“The Aquarians and the Evangelicals: How left-wing hippies and right-wing fundamentalists created a libertarian America” is an extract from Brink Lindsey’s book The Age of Abundance: How Prosperity Transformed America’s Politics and Culture in Reason Online. Lindsey’s assessment of the social history of American through the second half of the 20th century seems to be well grounded. Lindsey’s review of the polarization of American society between New Age liberals and fundamentalist Christian conservatives, equally devoted to self-actualization, authenticity, and emotional experience, is astute and convincing.
Lindsey’s conclusion that the political middle ground for American society is libertarian is less convincing,. The proliferation of cultural and spiritual products relates, as Lindsey says, to the size and affluence of the market, but it does not validate libertarian values or prove that Aquarians and Evangelicals, as Lindsey calls them, agree about tolerance or choice. Each group tends to be self-contained, self-absorbed and self-righteous. Both dismiss people who don’t share their beliefs with condescending pity or outright hostility. Neither is entirely oblivious to the fact that people outside the charmed circle find their beliefs, rituals, and jargon to be ridiculous. Both groups respond by demeaning outsiders, being positive about their own values, and refining their message to maintain solidarity and recruit new believers.
Lindsey sees a kind of beauty and order in the dissolution of old religious institution and the rise of new cultural and religious systems, but libertarians and classical free market economists get misty-eyed about the creative destruction of capitalism, and the unseen hand.

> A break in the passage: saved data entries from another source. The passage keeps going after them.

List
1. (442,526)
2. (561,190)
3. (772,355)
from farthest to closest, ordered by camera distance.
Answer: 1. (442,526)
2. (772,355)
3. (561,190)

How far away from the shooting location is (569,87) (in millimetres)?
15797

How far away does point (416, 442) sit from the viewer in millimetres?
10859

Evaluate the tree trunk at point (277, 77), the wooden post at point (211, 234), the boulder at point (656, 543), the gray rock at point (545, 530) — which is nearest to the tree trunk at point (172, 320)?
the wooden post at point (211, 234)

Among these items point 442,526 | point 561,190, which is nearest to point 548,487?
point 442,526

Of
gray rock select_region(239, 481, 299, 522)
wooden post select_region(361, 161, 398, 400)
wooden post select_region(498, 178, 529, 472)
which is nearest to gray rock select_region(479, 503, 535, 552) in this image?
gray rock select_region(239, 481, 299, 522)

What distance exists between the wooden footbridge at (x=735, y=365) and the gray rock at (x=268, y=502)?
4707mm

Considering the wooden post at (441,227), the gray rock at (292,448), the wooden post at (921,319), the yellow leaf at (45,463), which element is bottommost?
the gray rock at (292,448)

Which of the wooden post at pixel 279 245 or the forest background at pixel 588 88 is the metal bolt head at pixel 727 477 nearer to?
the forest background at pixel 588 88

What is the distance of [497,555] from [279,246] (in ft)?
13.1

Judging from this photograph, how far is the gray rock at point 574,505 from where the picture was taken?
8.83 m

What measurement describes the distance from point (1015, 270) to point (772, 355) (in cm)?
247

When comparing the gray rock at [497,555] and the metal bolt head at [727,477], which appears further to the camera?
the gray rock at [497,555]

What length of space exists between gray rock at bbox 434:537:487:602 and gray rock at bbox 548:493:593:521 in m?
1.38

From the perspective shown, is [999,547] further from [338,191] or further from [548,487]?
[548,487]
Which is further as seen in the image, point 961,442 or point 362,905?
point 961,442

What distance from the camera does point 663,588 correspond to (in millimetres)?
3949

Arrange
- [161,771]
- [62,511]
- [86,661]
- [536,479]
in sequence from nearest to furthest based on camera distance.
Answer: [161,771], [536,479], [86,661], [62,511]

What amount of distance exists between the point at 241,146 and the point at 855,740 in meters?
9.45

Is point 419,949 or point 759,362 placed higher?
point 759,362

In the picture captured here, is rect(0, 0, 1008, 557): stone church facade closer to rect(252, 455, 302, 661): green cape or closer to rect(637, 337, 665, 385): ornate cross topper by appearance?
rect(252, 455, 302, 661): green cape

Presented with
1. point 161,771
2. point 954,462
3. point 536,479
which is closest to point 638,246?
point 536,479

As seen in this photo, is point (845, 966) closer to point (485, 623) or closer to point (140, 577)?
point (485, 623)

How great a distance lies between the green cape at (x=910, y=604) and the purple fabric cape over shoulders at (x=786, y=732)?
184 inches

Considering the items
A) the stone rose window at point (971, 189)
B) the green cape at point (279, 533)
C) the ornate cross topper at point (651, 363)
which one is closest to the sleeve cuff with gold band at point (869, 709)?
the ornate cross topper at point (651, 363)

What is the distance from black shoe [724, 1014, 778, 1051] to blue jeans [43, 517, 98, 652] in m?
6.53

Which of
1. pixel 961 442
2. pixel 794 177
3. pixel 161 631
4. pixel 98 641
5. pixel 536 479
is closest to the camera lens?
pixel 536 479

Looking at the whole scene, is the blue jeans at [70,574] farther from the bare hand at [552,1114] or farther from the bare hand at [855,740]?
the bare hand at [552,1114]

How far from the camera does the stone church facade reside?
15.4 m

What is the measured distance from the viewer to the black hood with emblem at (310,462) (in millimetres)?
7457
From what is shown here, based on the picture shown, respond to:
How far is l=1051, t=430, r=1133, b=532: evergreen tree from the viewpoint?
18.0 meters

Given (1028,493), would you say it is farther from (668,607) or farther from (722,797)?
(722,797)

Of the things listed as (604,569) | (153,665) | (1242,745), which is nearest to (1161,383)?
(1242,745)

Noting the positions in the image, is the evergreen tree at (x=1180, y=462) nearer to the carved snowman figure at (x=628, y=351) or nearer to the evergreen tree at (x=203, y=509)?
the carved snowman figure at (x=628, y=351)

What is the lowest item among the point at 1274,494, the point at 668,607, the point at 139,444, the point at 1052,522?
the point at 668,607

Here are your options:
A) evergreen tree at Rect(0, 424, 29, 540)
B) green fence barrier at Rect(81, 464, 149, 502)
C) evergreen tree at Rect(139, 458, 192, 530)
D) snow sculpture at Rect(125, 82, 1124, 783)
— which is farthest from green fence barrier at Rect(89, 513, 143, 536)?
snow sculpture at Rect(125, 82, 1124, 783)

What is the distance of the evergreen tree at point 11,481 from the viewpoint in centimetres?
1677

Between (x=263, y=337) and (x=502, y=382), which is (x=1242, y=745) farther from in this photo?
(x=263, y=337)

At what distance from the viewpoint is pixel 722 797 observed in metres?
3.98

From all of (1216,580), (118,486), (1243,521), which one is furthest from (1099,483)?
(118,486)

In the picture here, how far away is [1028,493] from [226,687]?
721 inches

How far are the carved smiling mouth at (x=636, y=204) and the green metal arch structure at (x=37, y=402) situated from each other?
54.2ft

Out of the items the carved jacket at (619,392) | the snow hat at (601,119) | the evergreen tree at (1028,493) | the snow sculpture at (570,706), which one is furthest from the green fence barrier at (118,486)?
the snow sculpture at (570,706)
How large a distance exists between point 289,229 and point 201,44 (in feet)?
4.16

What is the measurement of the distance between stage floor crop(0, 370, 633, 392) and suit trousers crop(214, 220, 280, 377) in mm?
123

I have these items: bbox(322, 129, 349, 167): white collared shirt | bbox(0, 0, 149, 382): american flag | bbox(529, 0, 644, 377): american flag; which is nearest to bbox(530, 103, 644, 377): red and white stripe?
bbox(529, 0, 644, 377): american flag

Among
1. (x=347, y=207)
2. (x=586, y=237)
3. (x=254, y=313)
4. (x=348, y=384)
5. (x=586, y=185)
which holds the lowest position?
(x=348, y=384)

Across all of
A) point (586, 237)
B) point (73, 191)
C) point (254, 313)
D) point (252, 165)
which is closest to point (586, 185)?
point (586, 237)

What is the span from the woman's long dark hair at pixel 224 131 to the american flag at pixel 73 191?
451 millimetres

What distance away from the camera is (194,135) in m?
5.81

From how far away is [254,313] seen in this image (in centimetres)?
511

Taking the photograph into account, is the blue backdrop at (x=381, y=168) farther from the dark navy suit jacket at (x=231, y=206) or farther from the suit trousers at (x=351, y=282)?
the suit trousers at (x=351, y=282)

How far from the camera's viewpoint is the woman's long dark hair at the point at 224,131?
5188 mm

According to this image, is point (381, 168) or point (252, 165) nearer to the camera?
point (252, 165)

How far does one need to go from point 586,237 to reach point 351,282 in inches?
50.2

What he describes is millions of affluent, uninformed, self-obsessed people in absurd relationships with co-believers, gurus and preachers. The gurus and preachers are careful analysts of need, and have found a myriad of ways of finding, reaching, capturing and holding every paying customer. The Catholic Church achieved results – observers called it The Ratzinger Effect – by making the right gestures to modern sensibilities. Bringing back the Latin Mass appeals to the modern taste for the authentic experience of a beautiful traditional rituals. Showcasing the Pope as a rustic, avuncular Bavarian appeals to the idea that the Church is is a community of traditional families.
The smallest societies, with the most rudimentary technologies and economies have always had rich cultures and religions, with imaginative shamans and artists producing, with some skill, ritual, art, music, narrative and theory. Shamans and artists have always been good at improving and redefining the product and analyzing the absurdity of all other views. Cultural and religious practices are associated with particular groups of people in particular places and particular times. The title of Nayan Chanda’s new book, Bound Together: How Traders, Preachers, Adventurers, and Warriors Shaped Globalisation (reviewed in the Economist) makes the point that trade, power and culture operate together.
America, through affluence and freedom, has created a rich market of social practices to help people to identify, imagine and express their ideas about themselves and their relationships with things and people. Religion, art, entertainment, ideology, psychology, therapy, counseling provide the same things to different people. These things are said to provide inspiration, meaning and fulfillment, which are simply labels for rewarding experiences. Culture and spirituality are produced by people interacting and exchanging time and resources. Consumers get social interaction, intellectual stimulation and emotional validation through ritual, art, music, narrative and theory. The service providers get personal, social and political power to influence people’s choice and decisions.
From an economic and social perspective, religious and therapeutic experiences, like artistic and cultural experiences, are part of the experiental economy.
Karl Marx, in his Critique of Hegel’s Philosophy of Right, wrote:
Religious distress is at the same time the expression of real distress and the protest against real distress. Religion is the sigh of the oppressed creature, the heart of a heartless world, just as it is the spirit of a spiritless situation. It is the opium of the people. The abolition of religion as the illusory happiness of the people is required for their real happiness. The demand to give up the illusion about its condition is the demand to give up a condition which needs illusions.
Marx has been reviled by a few generations of priests and capitalists for suggesting that religion have been colluding with money and power to sedate and repress the happiness and fulfillment of the working class. This has obscured the force of his comment, which been an inspiration for the study of ideology and the sociology of religion. Marx was clearly wrong in thinking that the abolition of religion and private property would make people feel happier and more fulfilled. Anxiety, curiosity, and desire are the constant companies of human consciousness, regardless of social structures and distribution of resources. But Marx was clearly right in saying that humans find religion to be rewarding because it protects us from understanding that our attachment to our needs and desires is absurd.